На закате я без предупреждения заявился в Кампо-Дзеппи. Ее, босоногую, бродившую по огороду, то и дело склоняясь к земле, чтобы нарвать трав для супа, я заметил издалека. Оставшись одна, она обычно расплетала свои чудесные волосы, теперь понемногу начинавшие седеть, и напевала или мурлыкала что-нибудь себе под нос. Притаившись в зарослях бирючины, служивших живой изгородью, я выскочил на нее из засады и тут же подхватил на руки, от ужаса она едва не лишилась чувств. А после, отдышавшись и улыбнувшись, сказала: «Что ж, случись мне умереть сейчас, я умерла бы счастливой». И сердце мое сжалось от мысли, что этого божественного создания, моей матери, тоже однажды коснется черное крыло смерти, и тело ее познает процесс разложения и перерождения, являющийся уделом всех смертных существ.

Сколь же чарующими были дни, которые я провел с ней и ее семьей в Кампо-Дзеппи! Возможно, самыми чудесными за всю мою жизнь. Днем я работал с ними, вскапывая и мотыжа высушенную солнцем почву, вечером мы вместе ели суп и пили вино. Но потом Антонио и мои сестры оставляли нас одних, поскольку знали, что нам многое, слишком многое нужно сказать друг другу.

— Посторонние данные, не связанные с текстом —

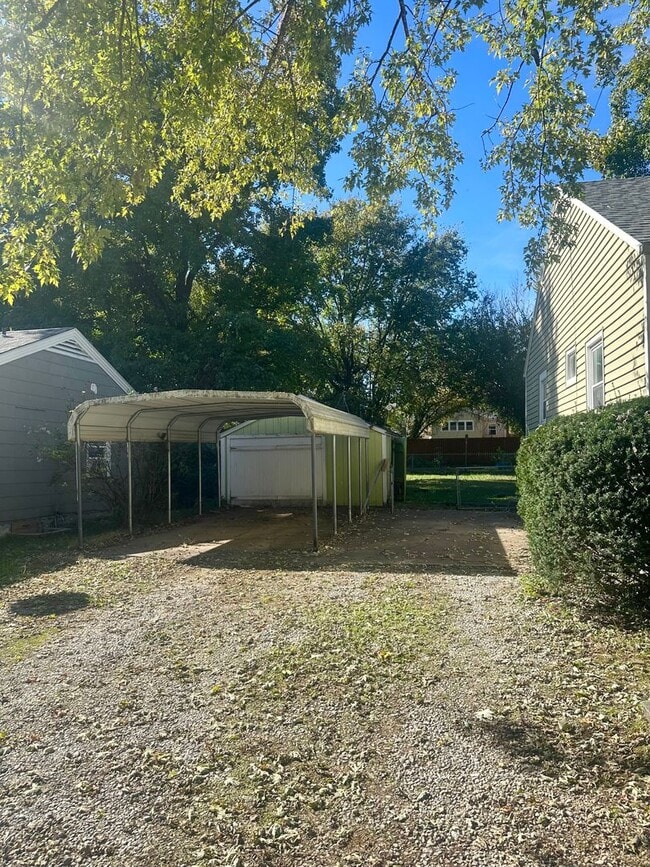 Photo - Great Location! 2-Bed, 1-Bath Home with La...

Ночи были долгими, безоблачными, как раз начинали падать звезды, эти слезы природы. Я рассказывал маме о жизни во Флоренции, о мастерской, об ученичестве, о своих мечтах и о тяготах, о страхах. А она только глядела на меня, не знаю, в самом ли деле слушая и понимая, что я говорил, таким блаженством сияло ее лицо при виде потерянного и вновь обретенного сына. Дав посмотреть свои рисунки, включая и последний, с праздника, я, кажется, почти ее напугал. Она сказала, что мое искусство сродни волшебству, потому что пытаюсь уловить душу всякой твари земной и даже камня или скалы, у которых тоже есть душа. Но, может, не стоит слишком уж откровенно бросать вызов работе Всевышнего Творца, наивно веря, что мы с ним можем быть равны, а то и ставить себя на его место. Если хочешь изобразить жизнь цветка или бабочки, нужно сперва научиться уважать и любить их.

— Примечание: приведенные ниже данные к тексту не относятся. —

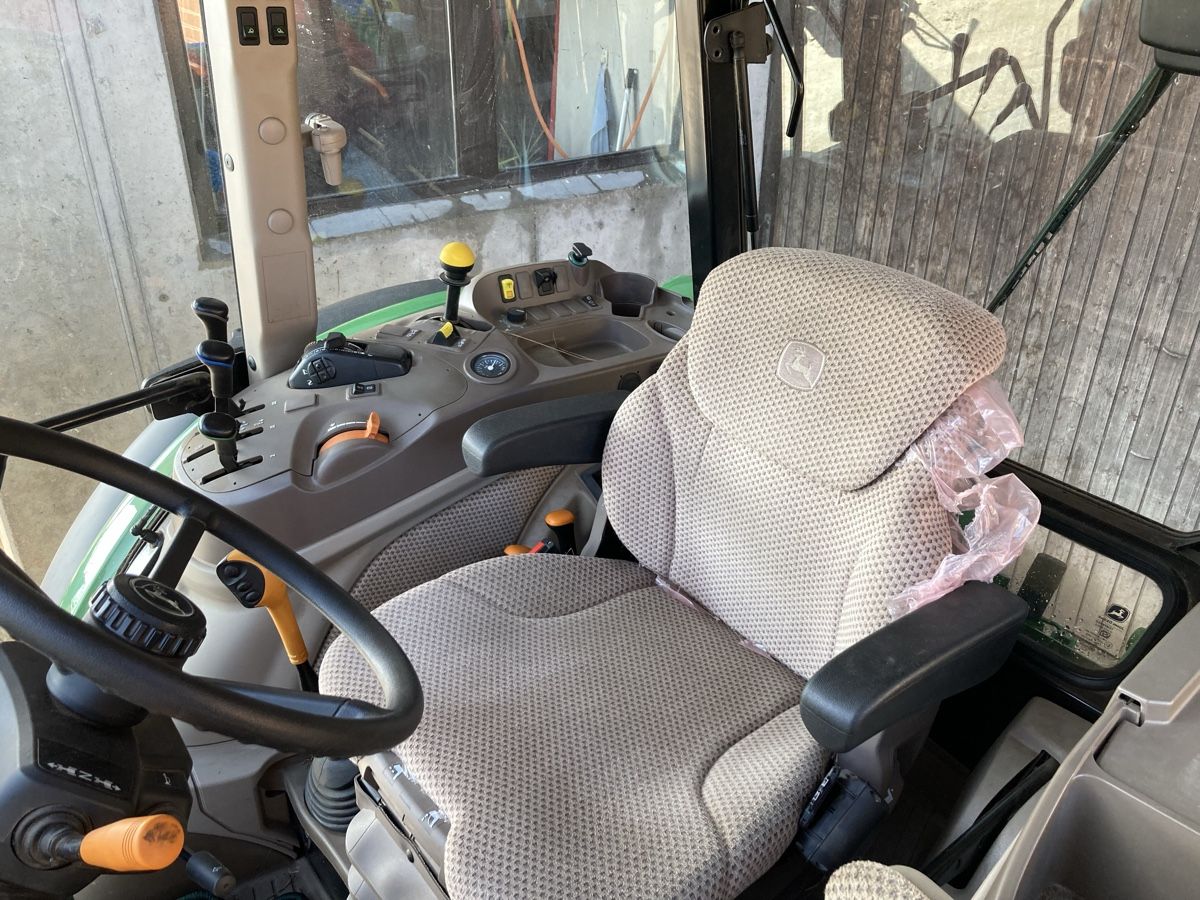 John Deere Trattori: John Deere 5100M – Usato da Hosenruck venduto da Fox690 5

Потом, однако, с тем же удивительным выражением лица, более свойственным тринадцатилетней девчонке, а вовсе не зрелой женщине за сорок, она отобрала у меня сангину и принялась рисовать замысловатые переплетения ветвей, растений и цветов, на которые я смотрел, раскрыв рот, не в силах вообразить, что моя мать, женщина неграмотная, не получившая образования, не умеющая ни читать, ни писать, ни даже как следует говорить на нашем языке, могла быть столь божественно одарена. А она взглянула на меня и объяснила, водя пальцем по рисунку, чтобы проследить каждую линию: это сплетение жизни, любви, людских историй, что в конце концов, даже отдалившись друг от друга, всякий раз сходятся снова. То же уготовано и нам. Если жизни будет угодно разлучить нас, провидение или судьба сделают так, чтобы мы встретились снова. Нам не узнать заранее, когда и где, но, чтобы жизнь продолжалась, непременно нужно в это верить.

Я был очарован ее руками, длинными, тонкими, но при этом сильными и уверенными, с возрастом покрывшимися трещинами и царапинами от тяжкого труда. Руками, что ласкали меня, укачивали, омывали. Мне хотелось зарисовать их, уловив каждое положение, каждый жест, движения пальцев, сокращения нервов и сухожилий, но я так ни разу и не преуспел: едва заметив мои попытки, она, улыбнувшись, прятала руки в складках гамурры и, назло мне, не вынимала до тех пор, пока сангина и уголь не оказывались на безопасном расстоянии. Не позволяла она и исполнить ее портрет с натуры. Пришлось мне постараться и запечатлеть это лицо в памяти: нежный абрис ясных глаз, милую улыбку, такую мягкую и неопределенную, что никогда не поймешь, радость была ей причиной или тонкая ирония, а может, отголосок давних страданий и тайного знания, неведомого простым смертным, или, может, все сразу, спутанное и смешавшееся. После, оставшись один в комнате, я пытался воссоздать то, что запомнил, в рисунках, которые, однако, не могли передать всех тех чувств и ощущений, что я испытывал рядом с ней.